The study includes 30 SCF patients aged 35–76 (52.8±11.70 years) and 15 sex-, body mass index (BMI)- and age-matched (54.73±9.42 years) healthy subjects as controls. Entry criteria were typical anginal chest pain, positive treadmill test, normal angiogram and thrombolysis in myocardial infarction (TIMI) frame count (quantitative way of assessing coronary artery flow) greater than 23 frames (22). Patients with known coronary or peripheral vascular disease, ectatic coronary arteries, non-ischemic dilated cardiomyopathy, renal and hepatic dysfunction, evidence of ongoing infection or inflammation, hematological disorders, known malignancy and diabetes mellitus were excluded from the study. A questionnaire was administrated to obtain general information from each patients including age, sex, BMI, systolic and diastolic blood pressures. The study was approved by the Medical Ethics Committee (ethical approval code: IRumsu.rec.1393.26) at Urmia University of Medical Sciences, Urmia, Iran, and all subjects gave written informed consent.

Study protocol

Ten milliliter whole blood samples were collected from the basilic vein into tubes containing EDTA and the separation of PBMC from whole blood was accomplished through density gradient centrifugation using Ficoll. Five ml of Ficoll–Hypaque (Baharafshan, Iran) was stratified under 20 mL of peripheral blood and phosphate-buffered saline (PBS) mixture, and then the sample was centrifuged at 800 g for 20 min at room temperature. PBMC were collected from buffy coat layer and were washed twice with PBS. Total RNA was extracted from PBMC, using RNX-Plus Solution (CinaGen Co., Tehran, Iran) and the purity of RNA extracts was qualitatively evaluated by electrophoresis in 1% agarose gel stained with ethidium bromide and quantified by measuring absorption at 260 nm and 280 nm, then calculating the 260A/ 280A ratio (260A/280A must be greater than 1.8) in a biophotometer (Ependorf AG, Germany). Primers for amplification of IFN-γ receptor’s subunits and β-actin as an endogenous control were as following, depicted in Table I (GenFanavaran Co., Tehran, Iran) (23).

Table I
Primer sequences used for qRT-PCR.

Complementary DNA (cDNA) were synthesized by using the BioRT cDNA first strand synthesis kit (Bioflux-Bioer, Hangzhou, China) according to manufacturer’s instructions. In order to determine the gene expression of IFN-γR1 and IFN-γR2, quantitative reverse transcriptase polymerase chain reaction (qRT-PCR) was performed using the SYBR Green RT-PCR kit (Bioneer, Accu Power 2X Green Star™ qPCR Master mix, Deajeon, Korea). PCR conditions were as follows: 94 °C for 15 min; 45 cycles: 94 °C for 15 s, 68 °C for 30 s and 72 °C for 30 s. All reactions were carried out in duplicate. Relative gene expression was determined by ΔΔCt method between patients and controls (24). Data are presented as the fold change in gene expression normalized to β-actin as an endogenous reference.

Statistical analysis

The data were analyzed by Statistical Package for Social Sciences (SPSS) 22 software. In order to check the normality of the distribution, Kolmogorov-Smirnov test was performed. In case of a normal distribution, the t-student test was used; otherwise, the Mann-Whitney U test was performed. All values were expressed as means ± standard deviation (mean ± SD). Differences were considered to be significant at P value less than 0.05.

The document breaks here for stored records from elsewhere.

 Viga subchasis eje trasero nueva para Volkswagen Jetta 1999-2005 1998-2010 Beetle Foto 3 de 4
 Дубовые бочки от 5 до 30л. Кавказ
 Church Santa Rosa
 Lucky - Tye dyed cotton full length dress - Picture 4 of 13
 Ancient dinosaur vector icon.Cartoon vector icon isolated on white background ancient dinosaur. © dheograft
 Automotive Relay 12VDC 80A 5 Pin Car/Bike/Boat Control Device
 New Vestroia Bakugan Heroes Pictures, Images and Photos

Demographic and clinical characteristics of both groups are depicted in Table II.

Table II
Demographic and clinical characteristics of SCF patients and control group†

In SCF and control groups, the mean differences in systolic blood pressure and diastolic blood pressure were statistically significant. There was an increase in mean WBC count in SCFs vs. controls, but it was not significant. This means leukocyte count had no effect on differences in expression of the studied gene.

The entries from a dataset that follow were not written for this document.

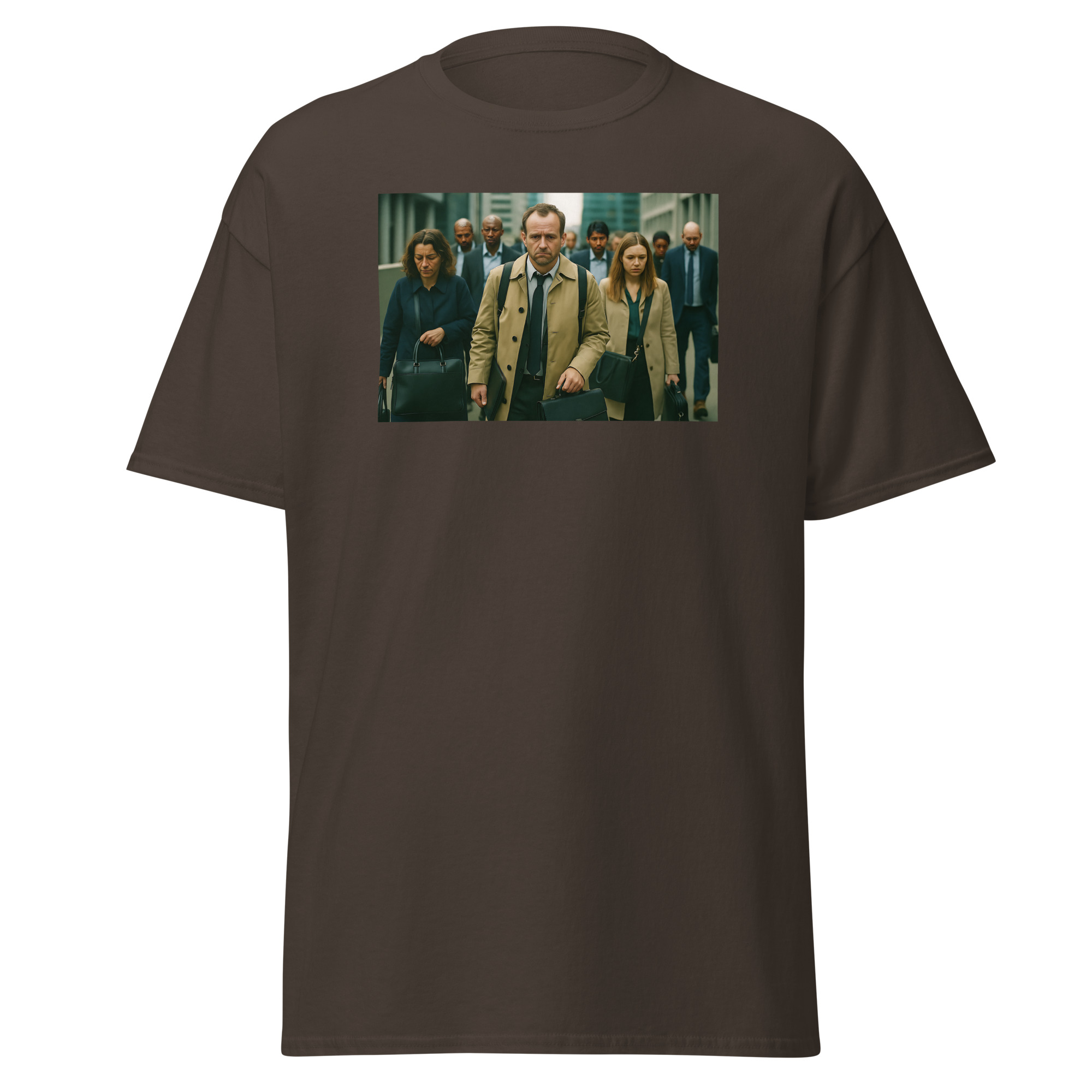 Above My Paygrade Podcast Tee - Image 35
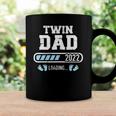 Mens Twin Dad 2022 Loading For Pregnancy Announcement Coffee Mug Gifts ideas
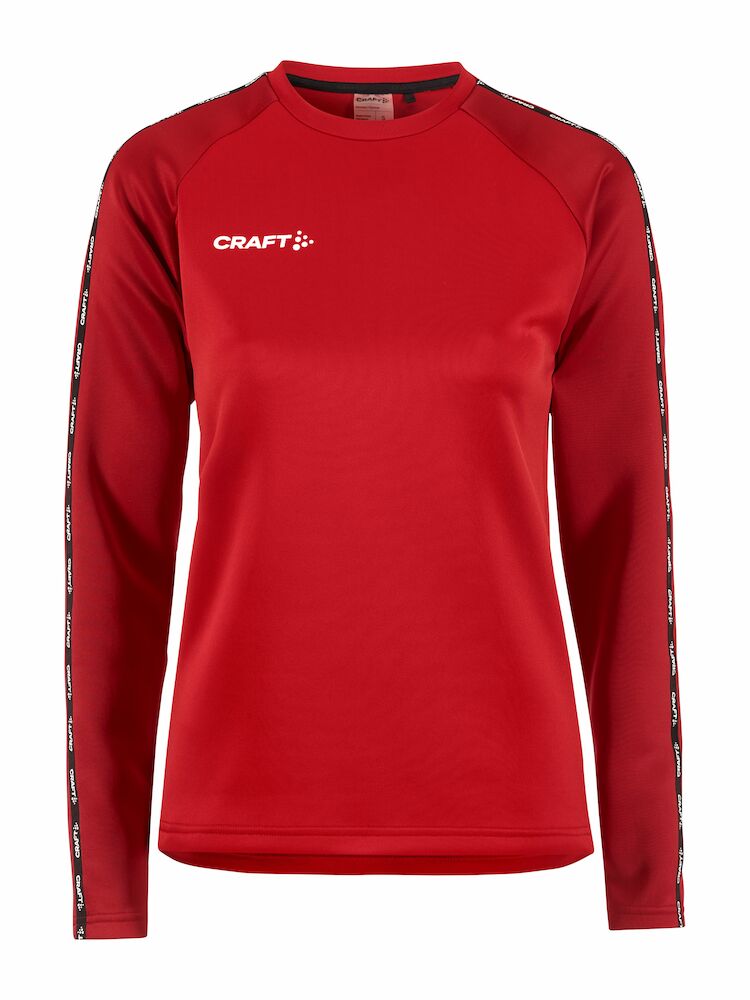 Craft Squad 2.0 Crewneck W - bright-red-express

Expression of gene encoding IFN-γ receptor subunits was higher in SCF patients vs. controls (Figure 1). There was a significant increase in gene expression of IFN-γR1 in PBMC from SCF patients vs. control individuals (14.09±11.43 vs. 1.6±1.31; P<0.0001), but the differences in IFN-γR2 gene expression were statistically insignificant between patients and controls groups (3.08±8.09 vs. 2.08±3.93; P=0.853). In this study, Spearman analysis between IFN-γR1 and IFN-γR2 expression revealed that there was a positive correlation at the 0.001 level (r=0.306, P=0.046). In multiple logistic regression analysis, gene expression of IFN-γR1 strongly (OR: 1.761, P=0.018, CI=1.104–2.809) predicted SCF.

Figure 1
IFN-γR1 and IFN-γR2 mean fold changes in control and SCF groups.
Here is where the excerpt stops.